1. Every five years, countries have to submit revised plans to cut emissions, which would ideally be aligned with what scientists say is needed. Many haven’t provided new commitments yet, and some large polluters haven’t raised their green ambitions.
2. Countries need to agree on rules for carbon markets that will be governed by the UN. Those negotiations failed to deliver an outcome at the last summit in Madrid in 2019 and they are bound to be tricky in Glasgow this year.
3. Rich countries have yet to deliver on the annual $100 billion in climate finance they promised to raise to help poor countries. U.K. Prime Minister Boris Johnson has downplayed the chances of the money materializing, though U.S. climate envoy John Kerry is more optimistic.
4. COP26 President Alok Sharma wants to “consign coal to history” by getting a deal from governments to stop building new infrastructure for the dirtiest fossil fuel. Convincing the biggest producers, like Australia and Russia, and consumers such as China and India is proving extremely difficult.
5. The Intergovernmental Panel on Climate Change’s latest science report injected urgency into the race to cut methane emissions, the second-largest contributor to warming after carbon dioxide. There had been no global commitment to do so.
Then, on Friday, the U.S. and European Union launched the Global Methane Pledge that targets a voluntary 30% reduction by the end of the decade, relative to 2020 levels. Several countries declared their intention to join the pact that will be officially launched in Glasgow. The White House says so far six of the world’s top 15 polluters, covering about a fifth of global methane emissions, are on board. The full list includes Argentina, Ghana, Indonesia, Iraq, Italy, Mexico and the U.K.
Methane traps heat between 30-80 x more efficiently than CO2, so this can help slow down the effects of the greenhouse gases presently heating the planet.
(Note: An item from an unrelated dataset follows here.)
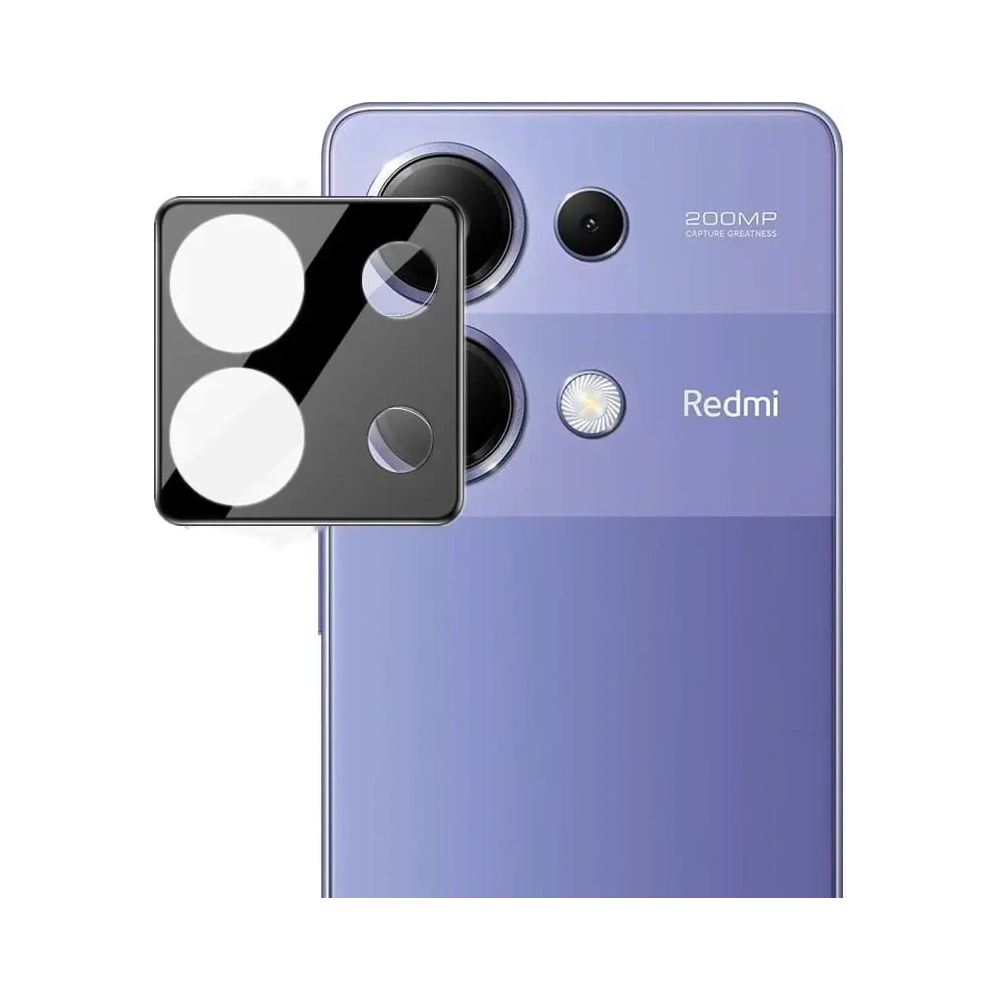 Szkło na aparat Bizon Glass Lens do Xiaomi Redmi Note 13 Pro 4G / LTE / 14S / Poco M6 Pro 4G [2 PACK]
If all countries cut methane emissions significantly, it could help reduce warming by 0.2 degrees Celsius by 2050. That means that all major sources of methane, oil and gas, coal, agriculture, cattle, and waste management need to be addressed. The biggest problem however is that not all countries have signed on board to this agreement, and a globally coordinated approach with countries working together is lacking. This is huge problem since even if the US were to significantly lower its carbon footprint by phasing out coal, electrifying the transportation sector and increasing the use of WWS (wind, water, solar) to become carbon neutral, other countries need to follow suit, and to date, we lack a synchronized approach. What is the solution? I believe we need a legal definition of Ecocide put in place by the international courts to hold world leaders responsible for their stewardship of the planet with a change in our economic structures to a more sustainable system like donut economics. Environmental ethics has been lacking to date, and it is only a deep concern for the wellbeing of present and future generations and all life on the planet will allow us to move ahead in a positive direction. We have scientific solutions, but without a basic change in our philosophies, integrating compassion and environmental justice into every action world leaders take, the world will continue down our present path of environmental destruction.